─── Input records
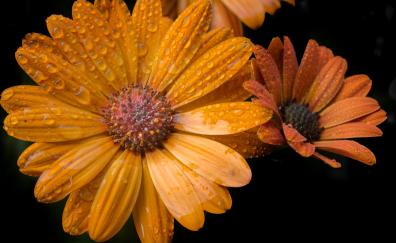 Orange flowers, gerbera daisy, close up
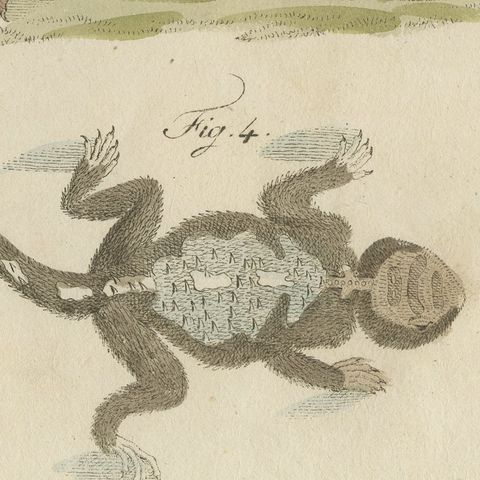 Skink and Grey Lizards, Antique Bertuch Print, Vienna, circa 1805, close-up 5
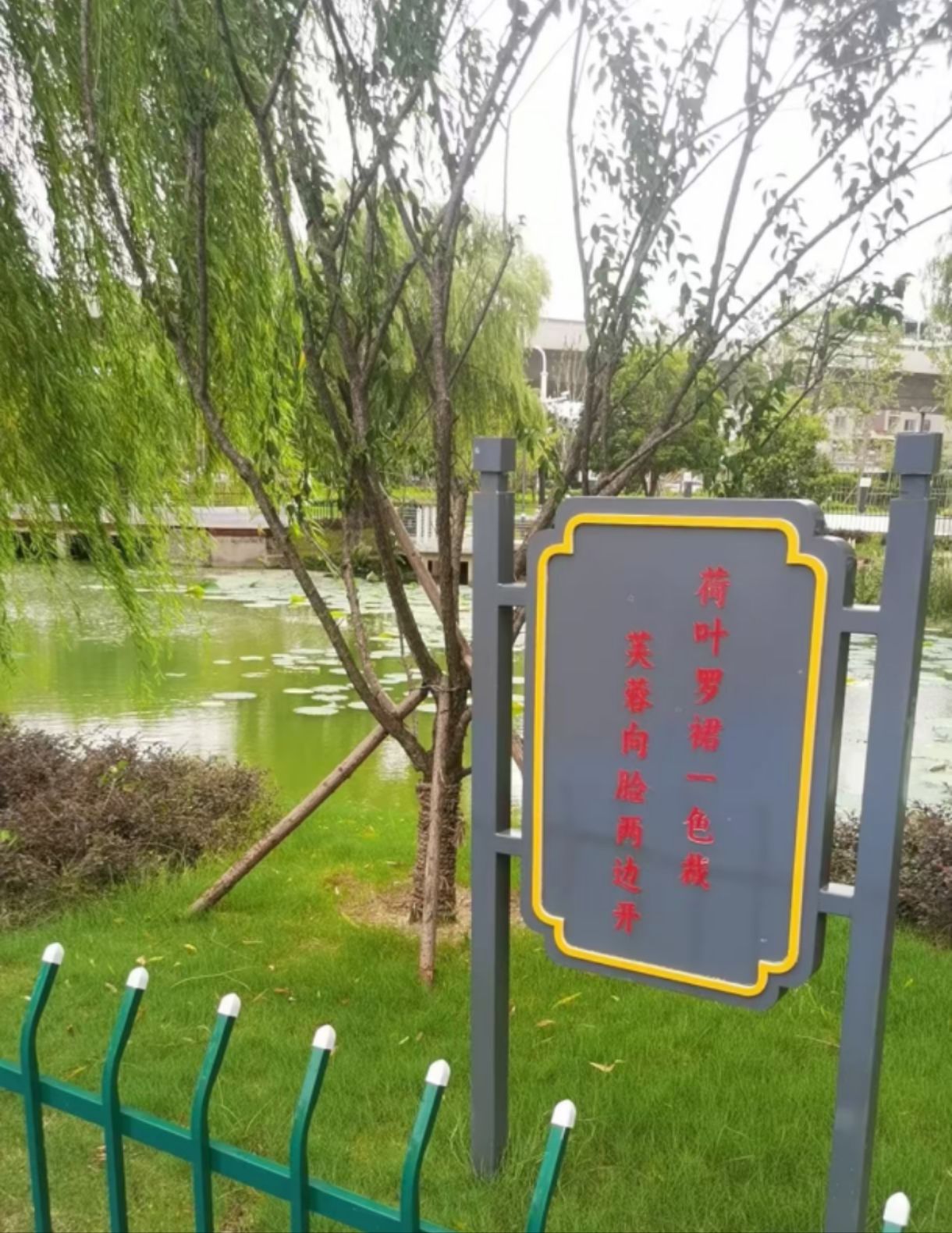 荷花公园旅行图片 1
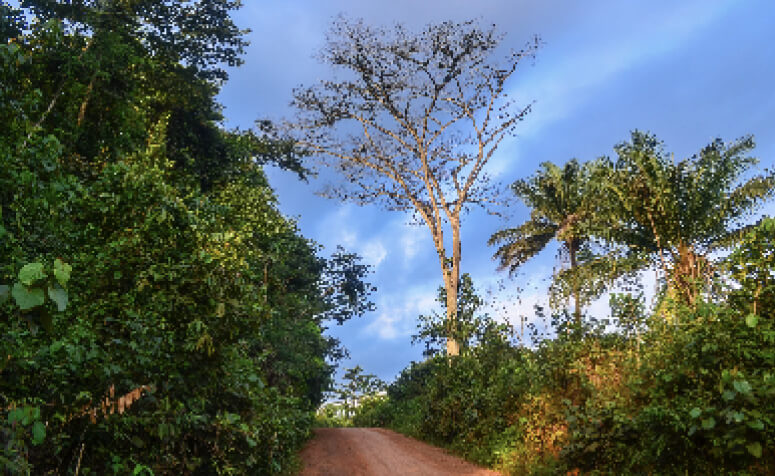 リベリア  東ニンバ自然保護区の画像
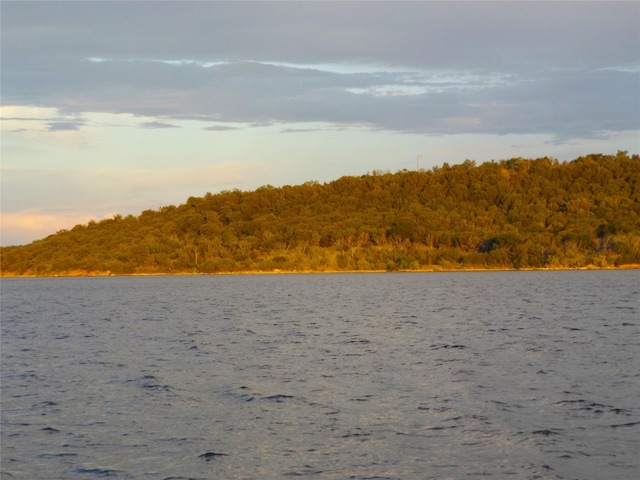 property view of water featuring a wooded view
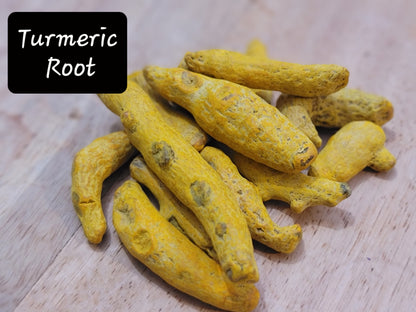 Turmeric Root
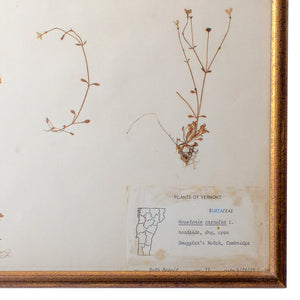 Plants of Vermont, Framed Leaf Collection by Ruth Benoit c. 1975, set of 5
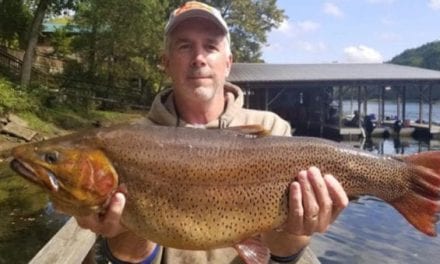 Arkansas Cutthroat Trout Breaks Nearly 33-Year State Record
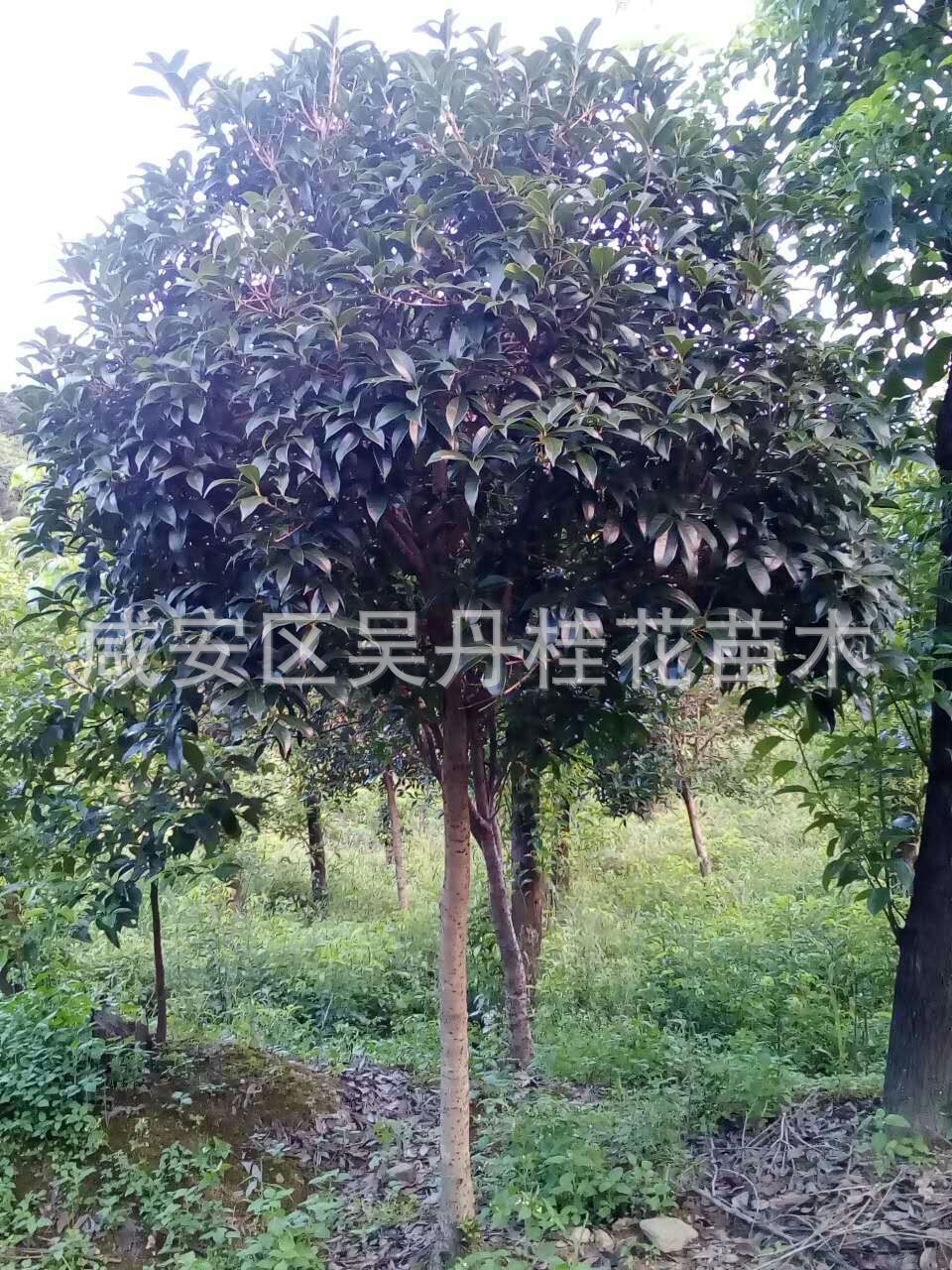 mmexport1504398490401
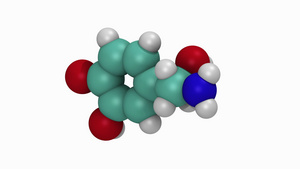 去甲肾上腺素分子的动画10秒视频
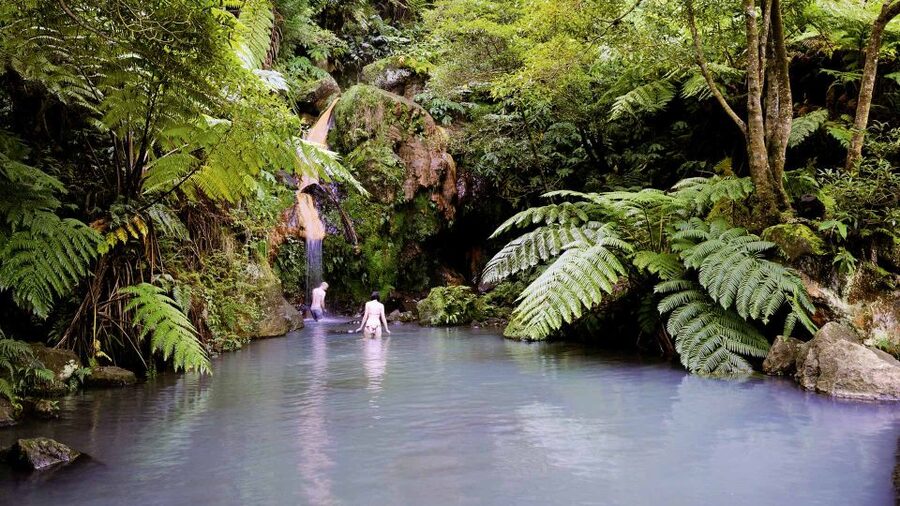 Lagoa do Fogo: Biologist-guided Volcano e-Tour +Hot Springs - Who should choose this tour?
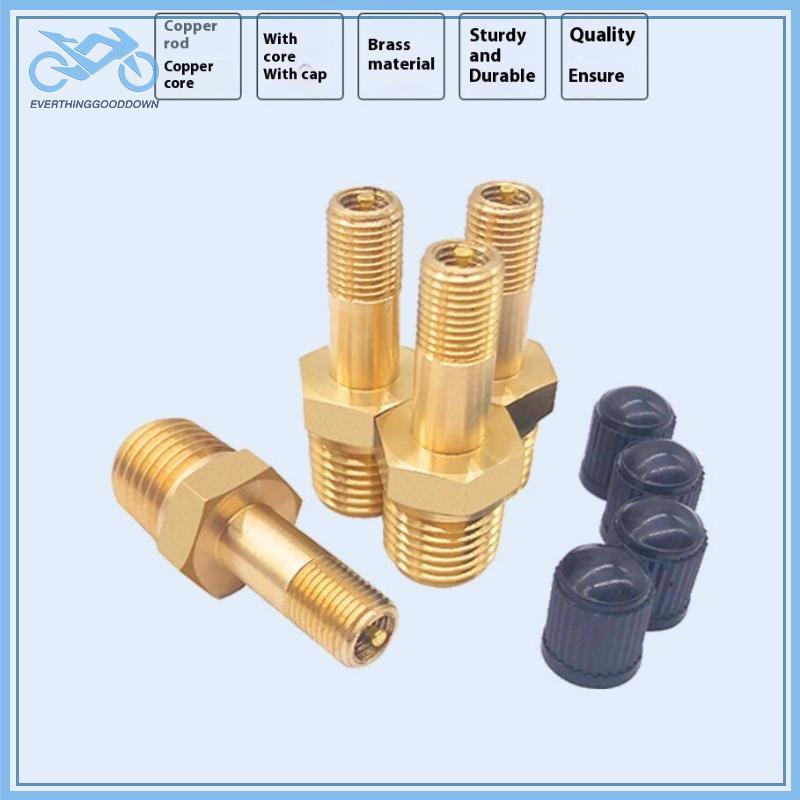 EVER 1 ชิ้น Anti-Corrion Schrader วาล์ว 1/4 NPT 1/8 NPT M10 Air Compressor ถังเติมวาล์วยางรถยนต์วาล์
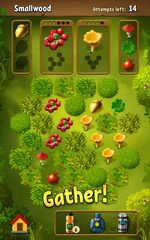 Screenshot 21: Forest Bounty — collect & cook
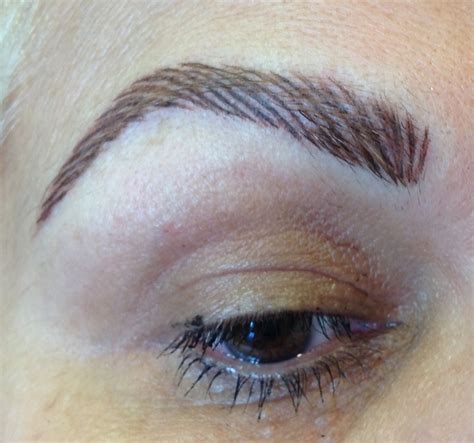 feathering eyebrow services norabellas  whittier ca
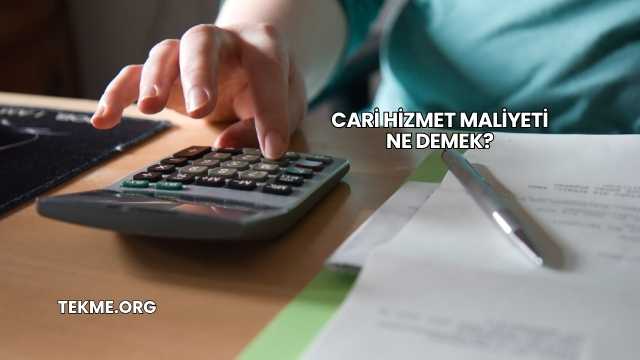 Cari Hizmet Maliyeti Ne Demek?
──────
**Problem to solve:**
Restate the records word for word and drop the images.

**Written answer:**
 Orange flowers, gerbera daisy, close up
 Skink and Grey Lizards, Antique Bertuch Print, Vienna, circa 1805, close-up 5
 荷花公园旅行图片 1
 リベリア  東ニンバ自然保護区の画像
 property view of water featuring a wooded view
 Turmeric Root
 Plants of Vermont, Framed Leaf Collection by Ruth Benoit c. 1975, set of 5
 Arkansas Cutthroat Trout Breaks Nearly 33-Year State Record
 mmexport1504398490401
 去甲肾上腺素分子的动画10秒视频
 Lagoa do Fogo: Biologist-guided Volcano e-Tour +Hot Springs - Who should choose this tour?
 EVER 1 ชิ้น Anti-Corrion Schrader วาล์ว 1/4 NPT 1/8 NPT M10 Air Compressor ถังเติมวาล์วยางรถยนต์วาล์
 Screenshot 21: Forest Bounty — collect & cook
 feathering eyebrow services norabellas  whittier ca
 Cari Hizmet Maliyeti Ne Demek?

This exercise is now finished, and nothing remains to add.